## Prompt
Of all the entries below, only the lines from the one with "Volkswagen Phideon — миниатюра 12" up to and including the one with "Mini Diva online" are to be duplicated exactly.

## Provided material
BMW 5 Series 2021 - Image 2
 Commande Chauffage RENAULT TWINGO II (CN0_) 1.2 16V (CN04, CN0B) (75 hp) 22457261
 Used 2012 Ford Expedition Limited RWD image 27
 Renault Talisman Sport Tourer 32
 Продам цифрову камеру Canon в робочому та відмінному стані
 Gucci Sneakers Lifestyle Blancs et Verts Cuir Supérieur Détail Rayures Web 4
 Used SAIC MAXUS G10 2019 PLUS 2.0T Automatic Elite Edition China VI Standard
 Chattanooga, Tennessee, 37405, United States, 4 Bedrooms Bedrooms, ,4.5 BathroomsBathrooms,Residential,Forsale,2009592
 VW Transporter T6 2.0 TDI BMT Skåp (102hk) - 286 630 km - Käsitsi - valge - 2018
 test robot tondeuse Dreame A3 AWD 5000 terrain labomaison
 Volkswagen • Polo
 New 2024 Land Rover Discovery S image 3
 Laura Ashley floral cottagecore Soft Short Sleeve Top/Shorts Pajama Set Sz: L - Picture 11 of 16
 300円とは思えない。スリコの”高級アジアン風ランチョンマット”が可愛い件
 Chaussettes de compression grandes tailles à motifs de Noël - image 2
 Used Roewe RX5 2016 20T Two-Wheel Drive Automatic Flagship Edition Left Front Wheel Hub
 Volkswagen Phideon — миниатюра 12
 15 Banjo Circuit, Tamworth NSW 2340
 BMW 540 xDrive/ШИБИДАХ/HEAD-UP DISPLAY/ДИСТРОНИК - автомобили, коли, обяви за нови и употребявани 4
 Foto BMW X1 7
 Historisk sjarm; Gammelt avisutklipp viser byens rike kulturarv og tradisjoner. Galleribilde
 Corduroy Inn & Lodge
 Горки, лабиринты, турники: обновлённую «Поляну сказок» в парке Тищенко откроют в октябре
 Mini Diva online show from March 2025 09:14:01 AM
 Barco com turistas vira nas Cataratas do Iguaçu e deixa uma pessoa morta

## Answer for the task
 Volkswagen Phideon — миниатюра 12
 15 Banjo Circuit, Tamworth NSW 2340
 BMW 540 xDrive/ШИБИДАХ/HEAD-UP DISPLAY/ДИСТРОНИК - автомобили, коли, обяви за нови и употребявани 4
 Foto BMW X1 7
 Historisk sjarm; Gammelt avisutklipp viser byens rike kulturarv og tradisjoner. Galleribilde
 Corduroy Inn & Lodge
 Горки, лабиринты, турники: обновлённую «Поляну сказок» в парке Тищенко откроют в октябре
 Mini Diva online show from March 2025 09:14:01 AM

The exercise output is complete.